[Extracted records]

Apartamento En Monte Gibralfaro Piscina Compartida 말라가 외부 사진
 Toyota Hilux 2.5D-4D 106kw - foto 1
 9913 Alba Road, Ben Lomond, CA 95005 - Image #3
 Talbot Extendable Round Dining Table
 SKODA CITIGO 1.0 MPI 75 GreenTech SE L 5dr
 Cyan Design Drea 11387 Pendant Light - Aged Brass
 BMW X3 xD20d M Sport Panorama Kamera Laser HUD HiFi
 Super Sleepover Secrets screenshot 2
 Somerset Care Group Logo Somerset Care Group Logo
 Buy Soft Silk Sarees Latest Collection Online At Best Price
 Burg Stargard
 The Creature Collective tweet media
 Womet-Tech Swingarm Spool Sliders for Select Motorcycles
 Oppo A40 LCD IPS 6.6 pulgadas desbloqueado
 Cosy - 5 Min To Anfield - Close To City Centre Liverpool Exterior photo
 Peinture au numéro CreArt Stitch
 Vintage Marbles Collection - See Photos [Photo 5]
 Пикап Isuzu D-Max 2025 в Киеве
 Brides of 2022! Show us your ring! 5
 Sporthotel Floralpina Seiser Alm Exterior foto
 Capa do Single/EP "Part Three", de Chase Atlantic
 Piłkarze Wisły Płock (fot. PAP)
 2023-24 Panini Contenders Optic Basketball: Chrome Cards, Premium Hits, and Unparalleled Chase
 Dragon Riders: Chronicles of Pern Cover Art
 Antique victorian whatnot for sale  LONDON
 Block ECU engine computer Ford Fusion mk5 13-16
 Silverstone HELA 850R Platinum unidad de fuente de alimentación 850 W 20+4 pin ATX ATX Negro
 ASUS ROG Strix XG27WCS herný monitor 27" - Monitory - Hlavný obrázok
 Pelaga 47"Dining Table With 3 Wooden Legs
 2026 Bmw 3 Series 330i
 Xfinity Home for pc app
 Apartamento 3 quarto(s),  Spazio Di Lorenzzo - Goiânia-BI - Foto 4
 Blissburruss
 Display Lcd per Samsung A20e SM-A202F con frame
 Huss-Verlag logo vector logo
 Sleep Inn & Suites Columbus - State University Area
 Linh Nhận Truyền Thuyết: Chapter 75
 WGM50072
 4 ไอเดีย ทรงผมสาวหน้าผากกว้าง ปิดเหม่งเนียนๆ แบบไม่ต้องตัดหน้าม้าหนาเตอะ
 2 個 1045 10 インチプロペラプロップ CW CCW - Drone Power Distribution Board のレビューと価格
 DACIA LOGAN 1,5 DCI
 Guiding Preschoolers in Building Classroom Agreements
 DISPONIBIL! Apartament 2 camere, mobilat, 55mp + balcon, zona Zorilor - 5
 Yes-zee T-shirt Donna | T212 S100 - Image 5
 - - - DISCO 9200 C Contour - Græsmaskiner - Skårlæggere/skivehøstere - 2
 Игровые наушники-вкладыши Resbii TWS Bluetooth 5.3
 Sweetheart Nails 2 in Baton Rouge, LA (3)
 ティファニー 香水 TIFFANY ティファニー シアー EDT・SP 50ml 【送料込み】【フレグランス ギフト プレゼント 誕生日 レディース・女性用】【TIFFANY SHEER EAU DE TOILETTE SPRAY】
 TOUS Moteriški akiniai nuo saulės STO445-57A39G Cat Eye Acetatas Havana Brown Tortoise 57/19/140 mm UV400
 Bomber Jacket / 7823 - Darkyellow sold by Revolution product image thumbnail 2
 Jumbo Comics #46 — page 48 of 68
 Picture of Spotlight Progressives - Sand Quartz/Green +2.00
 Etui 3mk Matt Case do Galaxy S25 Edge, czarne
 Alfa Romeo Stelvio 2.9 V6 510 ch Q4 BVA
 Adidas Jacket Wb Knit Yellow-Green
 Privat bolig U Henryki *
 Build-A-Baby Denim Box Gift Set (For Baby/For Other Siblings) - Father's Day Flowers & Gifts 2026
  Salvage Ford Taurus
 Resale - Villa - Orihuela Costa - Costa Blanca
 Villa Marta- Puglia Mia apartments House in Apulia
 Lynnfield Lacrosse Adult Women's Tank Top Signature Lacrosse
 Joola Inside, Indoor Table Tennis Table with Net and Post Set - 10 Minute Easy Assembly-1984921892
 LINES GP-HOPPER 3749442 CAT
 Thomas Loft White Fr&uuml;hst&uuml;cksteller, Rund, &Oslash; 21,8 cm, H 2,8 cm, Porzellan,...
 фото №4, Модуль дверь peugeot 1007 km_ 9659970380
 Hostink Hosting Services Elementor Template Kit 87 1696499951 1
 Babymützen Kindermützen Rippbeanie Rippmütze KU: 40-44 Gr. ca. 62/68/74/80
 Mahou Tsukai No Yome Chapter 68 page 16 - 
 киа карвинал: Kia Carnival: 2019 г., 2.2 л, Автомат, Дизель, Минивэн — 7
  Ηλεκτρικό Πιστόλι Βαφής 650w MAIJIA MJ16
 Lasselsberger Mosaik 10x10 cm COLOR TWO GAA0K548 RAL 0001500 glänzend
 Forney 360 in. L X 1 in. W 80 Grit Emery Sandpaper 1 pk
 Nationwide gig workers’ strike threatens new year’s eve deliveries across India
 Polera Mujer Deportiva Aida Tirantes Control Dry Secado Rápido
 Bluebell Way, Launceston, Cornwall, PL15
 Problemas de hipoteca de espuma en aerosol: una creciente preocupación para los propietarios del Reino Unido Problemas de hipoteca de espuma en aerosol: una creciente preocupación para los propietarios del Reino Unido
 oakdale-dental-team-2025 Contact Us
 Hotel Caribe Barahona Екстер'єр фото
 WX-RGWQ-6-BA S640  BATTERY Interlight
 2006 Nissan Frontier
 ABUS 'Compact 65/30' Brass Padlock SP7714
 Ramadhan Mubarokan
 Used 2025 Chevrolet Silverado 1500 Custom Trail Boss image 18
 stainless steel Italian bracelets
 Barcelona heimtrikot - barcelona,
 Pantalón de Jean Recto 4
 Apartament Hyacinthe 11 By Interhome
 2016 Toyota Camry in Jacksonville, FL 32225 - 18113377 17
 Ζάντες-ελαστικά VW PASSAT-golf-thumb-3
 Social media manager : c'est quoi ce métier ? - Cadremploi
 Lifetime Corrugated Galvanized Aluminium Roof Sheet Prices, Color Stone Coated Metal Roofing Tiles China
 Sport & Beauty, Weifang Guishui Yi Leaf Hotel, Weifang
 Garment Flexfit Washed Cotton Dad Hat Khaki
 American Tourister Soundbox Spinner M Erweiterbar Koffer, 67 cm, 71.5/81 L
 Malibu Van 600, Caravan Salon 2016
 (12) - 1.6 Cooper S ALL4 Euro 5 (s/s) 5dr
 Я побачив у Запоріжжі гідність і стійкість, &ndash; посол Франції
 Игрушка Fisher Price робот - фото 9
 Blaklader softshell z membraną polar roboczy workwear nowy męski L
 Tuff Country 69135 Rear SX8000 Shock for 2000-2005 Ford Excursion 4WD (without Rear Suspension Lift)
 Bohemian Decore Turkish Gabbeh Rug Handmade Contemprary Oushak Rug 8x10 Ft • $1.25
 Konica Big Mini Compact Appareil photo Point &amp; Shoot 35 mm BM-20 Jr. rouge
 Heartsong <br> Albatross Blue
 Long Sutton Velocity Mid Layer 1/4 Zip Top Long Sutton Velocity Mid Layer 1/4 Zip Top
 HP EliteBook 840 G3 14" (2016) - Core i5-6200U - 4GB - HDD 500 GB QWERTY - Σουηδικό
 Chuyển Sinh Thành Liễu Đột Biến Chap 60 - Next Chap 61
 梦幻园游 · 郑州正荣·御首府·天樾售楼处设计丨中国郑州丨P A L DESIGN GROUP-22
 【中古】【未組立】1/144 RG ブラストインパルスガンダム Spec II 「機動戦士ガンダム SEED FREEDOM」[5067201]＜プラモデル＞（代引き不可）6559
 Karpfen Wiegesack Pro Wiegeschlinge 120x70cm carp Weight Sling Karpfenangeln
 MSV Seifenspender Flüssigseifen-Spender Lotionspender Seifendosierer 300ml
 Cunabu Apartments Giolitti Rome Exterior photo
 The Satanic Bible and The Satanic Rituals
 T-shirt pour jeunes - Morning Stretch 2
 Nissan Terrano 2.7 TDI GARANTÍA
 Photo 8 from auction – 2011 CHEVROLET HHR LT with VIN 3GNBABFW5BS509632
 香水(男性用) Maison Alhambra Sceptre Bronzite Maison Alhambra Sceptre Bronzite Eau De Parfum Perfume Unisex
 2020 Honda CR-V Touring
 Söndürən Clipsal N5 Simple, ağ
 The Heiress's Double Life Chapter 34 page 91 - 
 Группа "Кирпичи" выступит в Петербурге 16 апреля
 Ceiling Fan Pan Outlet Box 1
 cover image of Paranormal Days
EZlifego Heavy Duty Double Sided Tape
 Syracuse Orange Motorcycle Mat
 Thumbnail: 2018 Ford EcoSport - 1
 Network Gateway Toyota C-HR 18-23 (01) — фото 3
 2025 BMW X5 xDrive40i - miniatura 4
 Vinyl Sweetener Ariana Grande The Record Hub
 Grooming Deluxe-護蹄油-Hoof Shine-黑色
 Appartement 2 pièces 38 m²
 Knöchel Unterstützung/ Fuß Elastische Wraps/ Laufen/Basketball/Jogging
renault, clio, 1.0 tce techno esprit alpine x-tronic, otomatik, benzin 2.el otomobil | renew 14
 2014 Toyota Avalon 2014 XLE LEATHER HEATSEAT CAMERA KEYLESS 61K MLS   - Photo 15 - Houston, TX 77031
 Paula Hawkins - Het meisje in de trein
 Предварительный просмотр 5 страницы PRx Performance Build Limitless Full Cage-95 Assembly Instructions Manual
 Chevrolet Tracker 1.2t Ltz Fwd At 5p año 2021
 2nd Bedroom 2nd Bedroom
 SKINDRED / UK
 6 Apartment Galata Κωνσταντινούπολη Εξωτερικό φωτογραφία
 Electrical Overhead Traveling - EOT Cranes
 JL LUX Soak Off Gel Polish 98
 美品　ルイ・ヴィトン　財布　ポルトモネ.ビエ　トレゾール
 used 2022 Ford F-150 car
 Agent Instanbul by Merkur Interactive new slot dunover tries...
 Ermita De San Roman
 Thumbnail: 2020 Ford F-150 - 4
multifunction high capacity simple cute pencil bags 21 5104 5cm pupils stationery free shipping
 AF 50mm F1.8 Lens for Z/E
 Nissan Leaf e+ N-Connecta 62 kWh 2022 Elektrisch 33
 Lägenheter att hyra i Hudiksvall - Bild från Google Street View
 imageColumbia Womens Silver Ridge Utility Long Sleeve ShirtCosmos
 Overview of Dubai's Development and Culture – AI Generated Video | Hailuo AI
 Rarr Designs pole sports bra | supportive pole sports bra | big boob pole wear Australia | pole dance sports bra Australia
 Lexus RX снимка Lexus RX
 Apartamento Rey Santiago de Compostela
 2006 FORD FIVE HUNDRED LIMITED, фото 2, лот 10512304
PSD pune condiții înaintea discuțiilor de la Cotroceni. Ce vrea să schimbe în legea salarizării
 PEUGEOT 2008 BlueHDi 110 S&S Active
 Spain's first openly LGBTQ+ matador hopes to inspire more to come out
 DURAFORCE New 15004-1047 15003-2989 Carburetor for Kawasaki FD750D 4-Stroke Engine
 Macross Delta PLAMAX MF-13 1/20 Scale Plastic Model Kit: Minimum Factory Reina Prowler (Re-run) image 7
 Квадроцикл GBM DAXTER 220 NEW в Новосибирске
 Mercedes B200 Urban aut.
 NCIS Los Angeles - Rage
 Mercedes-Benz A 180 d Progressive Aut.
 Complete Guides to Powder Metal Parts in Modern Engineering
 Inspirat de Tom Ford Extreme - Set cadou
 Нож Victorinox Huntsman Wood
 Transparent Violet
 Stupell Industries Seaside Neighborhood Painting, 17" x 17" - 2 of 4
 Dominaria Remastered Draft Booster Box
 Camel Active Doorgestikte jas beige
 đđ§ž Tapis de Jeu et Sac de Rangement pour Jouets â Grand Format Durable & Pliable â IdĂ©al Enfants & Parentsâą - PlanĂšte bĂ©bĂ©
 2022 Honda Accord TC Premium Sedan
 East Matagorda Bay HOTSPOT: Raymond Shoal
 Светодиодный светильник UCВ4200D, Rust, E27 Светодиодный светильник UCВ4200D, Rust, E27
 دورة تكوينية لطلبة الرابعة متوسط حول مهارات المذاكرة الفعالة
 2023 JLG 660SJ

Task to carry out: Your answer must be the data above, copied exactly from its first line through the line containing "2023-24 Panini Contenders", and nothing more.

Solved exercise:
Apartamento En Monte Gibralfaro Piscina Compartida 말라가 외부 사진
 Toyota Hilux 2.5D-4D 106kw - foto 1
 9913 Alba Road, Ben Lomond, CA 95005 - Image #3
 Talbot Extendable Round Dining Table
 SKODA CITIGO 1.0 MPI 75 GreenTech SE L 5dr
 Cyan Design Drea 11387 Pendant Light - Aged Brass
 BMW X3 xD20d M Sport Panorama Kamera Laser HUD HiFi
 Super Sleepover Secrets screenshot 2
 Somerset Care Group Logo Somerset Care Group Logo
 Buy Soft Silk Sarees Latest Collection Online At Best Price
 Burg Stargard
 The Creature Collective tweet media
 Womet-Tech Swingarm Spool Sliders for Select Motorcycles
 Oppo A40 LCD IPS 6.6 pulgadas desbloqueado
 Cosy - 5 Min To Anfield - Close To City Centre Liverpool Exterior photo
 Peinture au numéro CreArt Stitch
 Vintage Marbles Collection - See Photos [Photo 5]
 Пикап Isuzu D-Max 2025 в Киеве
 Brides of 2022! Show us your ring! 5
 Sporthotel Floralpina Seiser Alm Exterior foto
 Capa do Single/EP "Part Three", de Chase Atlantic
 Piłkarze Wisły Płock (fot. PAP)
 2023-24 Panini Contenders Optic Basketball: Chrome Cards, Premium Hits, and Unparalleled Chase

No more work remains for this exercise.